According to aerospace industry officials quoted in the report, the US was monitoring the electronic emissions coming from Syria during the IAF strike.
The strike, said Aviation Week, targeted not only the suspected nuclear reactor being developed at Dayr az-Zawr, but also a Syrian radar station located at Tall al-Abuad, near the Syrian-Turkish border.
The Israeli fighter jets, reported the magazine, flew over Syria without alerting Syrian air defenses.
The radar site was apparently hit with both precision bombs and an electronic signal, which allowed IAF jets to fly through Syrian airspace undetected.
The report stressed that there was "no active US engagement other than consulting on potential target vulnerabilities."
The analysts quoted in the magazine said they didn't believe that any part of Syria's electrical grid was shut down, but did contend that network penetration involved both remote air-to-ground electronic attack as well as penetration through computer-to-computer links.

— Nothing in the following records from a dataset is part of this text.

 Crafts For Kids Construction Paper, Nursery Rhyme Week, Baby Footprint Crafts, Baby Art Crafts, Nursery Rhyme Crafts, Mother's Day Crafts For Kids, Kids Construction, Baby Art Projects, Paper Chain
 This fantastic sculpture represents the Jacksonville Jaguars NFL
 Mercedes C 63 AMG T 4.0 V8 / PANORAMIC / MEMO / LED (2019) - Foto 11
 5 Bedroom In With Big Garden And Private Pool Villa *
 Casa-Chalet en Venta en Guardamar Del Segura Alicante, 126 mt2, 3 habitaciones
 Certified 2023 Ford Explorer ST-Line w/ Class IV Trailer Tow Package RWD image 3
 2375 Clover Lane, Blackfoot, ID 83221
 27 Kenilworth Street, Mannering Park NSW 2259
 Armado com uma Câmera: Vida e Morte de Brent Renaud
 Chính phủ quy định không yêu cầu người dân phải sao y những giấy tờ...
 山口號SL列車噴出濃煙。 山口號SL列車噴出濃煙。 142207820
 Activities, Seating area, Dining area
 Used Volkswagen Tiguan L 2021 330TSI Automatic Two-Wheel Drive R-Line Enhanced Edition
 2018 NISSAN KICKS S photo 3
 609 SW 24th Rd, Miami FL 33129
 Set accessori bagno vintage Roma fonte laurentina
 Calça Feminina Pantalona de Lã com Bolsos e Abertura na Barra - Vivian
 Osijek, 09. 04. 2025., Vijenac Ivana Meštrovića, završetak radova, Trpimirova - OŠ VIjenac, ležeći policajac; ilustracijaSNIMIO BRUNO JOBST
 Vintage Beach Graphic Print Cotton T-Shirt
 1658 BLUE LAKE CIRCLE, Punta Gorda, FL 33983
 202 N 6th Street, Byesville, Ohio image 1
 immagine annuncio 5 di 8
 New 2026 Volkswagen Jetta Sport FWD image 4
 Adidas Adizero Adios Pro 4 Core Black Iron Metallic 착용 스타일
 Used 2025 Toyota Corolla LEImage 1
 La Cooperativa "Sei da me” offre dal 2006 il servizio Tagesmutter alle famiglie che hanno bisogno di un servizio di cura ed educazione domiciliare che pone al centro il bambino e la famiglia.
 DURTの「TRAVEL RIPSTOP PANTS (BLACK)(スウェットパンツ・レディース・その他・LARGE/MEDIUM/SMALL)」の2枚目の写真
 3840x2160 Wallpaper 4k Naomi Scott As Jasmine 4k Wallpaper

"Offensive and defensive network warfare is one of the most interesting new areas," said Pinchas Buchris, director-general of the Israeli Defense Ministry. "I can only say we're following this technology closely. I doubted this field five years ago, but we did it. Now everything's changed.
"You need this kind of capability," added Buchris. "You're not being responsible if you're not dealing with it; and if you can have this kind of capability, than the sky's the limit."